Para o presidente da Associação dos Engenheiros e Arquitetos do Médio Vale do Itajaí, Juliano Gonçalves, a população de Blumenau ainda corre sérios riscos. “As prefeituras não atuam na gestão, no planejamento”, avalia. “Nenhuma ocorrência é novidade. São questões cíclicas, portanto previsíveis”, dispara o especialista.

Ele afirma que a própria prefeitura desrespeita o plano diretor porque 95% dos prédios públicos estariam na ilegalidade.

Amparada em um decreto municipal, a prefeitura teria deixado de emitir alvarás para construções, até que a nova legislação entrasse em vigor, a partir de março passado. O resultado foi que a população passou a reconstruir a cidade por conta própria, mesmo onde houve deslizamentos, ou seja, em áreas de risco. “A prefeitura incentivou construir na ilegalidade. A população reconstruiu onde caiu, por omissão da prefeitura”, critica.

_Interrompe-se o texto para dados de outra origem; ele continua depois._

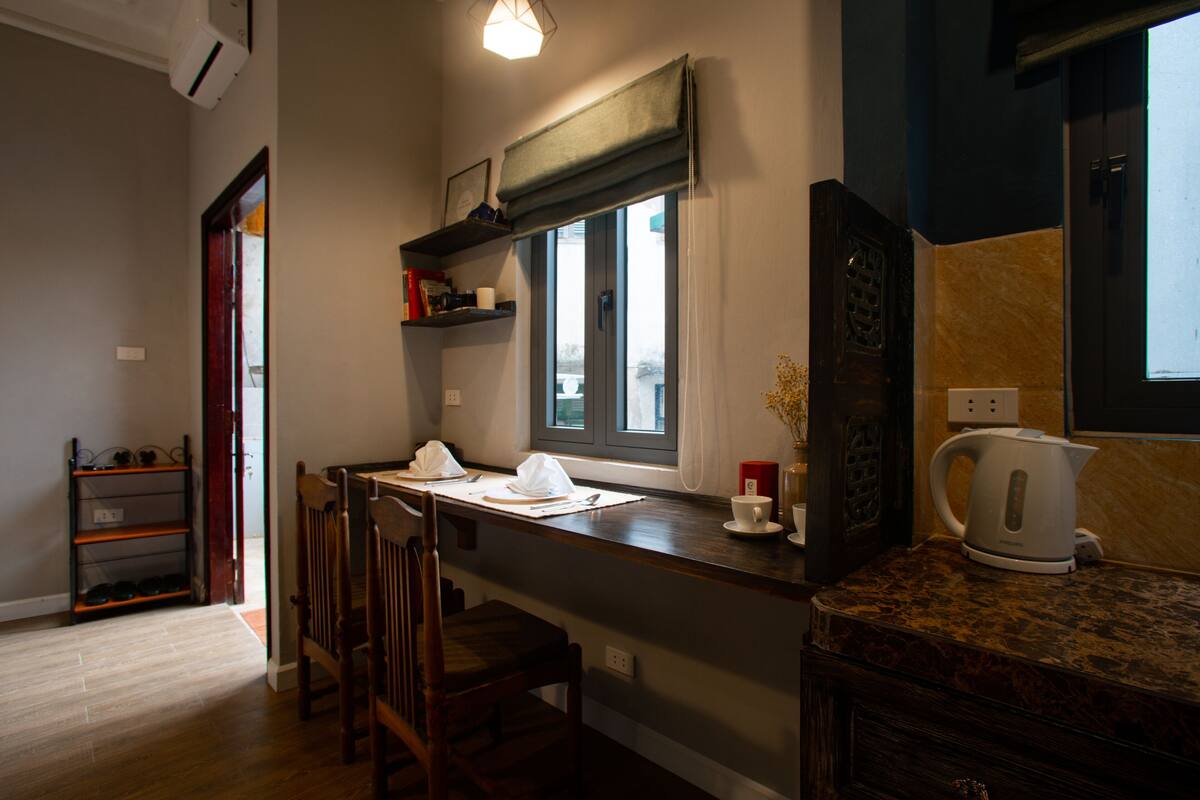 A kitchen with a wooden countertop, a window with blinds, a kettle, and a chair.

Gonçalves calcula que as construções irregulares vão potencializar dez vezes mais a ocorrência de novos problemas. “Algumas obras de reconstrução já caíram”, denuncia Gonçalves.

A especulação imobiliária, outro problema comum nas cidades, também permanece, diz o especialista. “O mercado não pode regular a ocupação urbana. Tem de ser pública”, detecta. “O local mais inseguro fica com a classe menos favorecida e nenhuma ação concreta foi tomada para modificar essa situação”, continua. “Vai acontecer de novo”, alerta. E lamenta.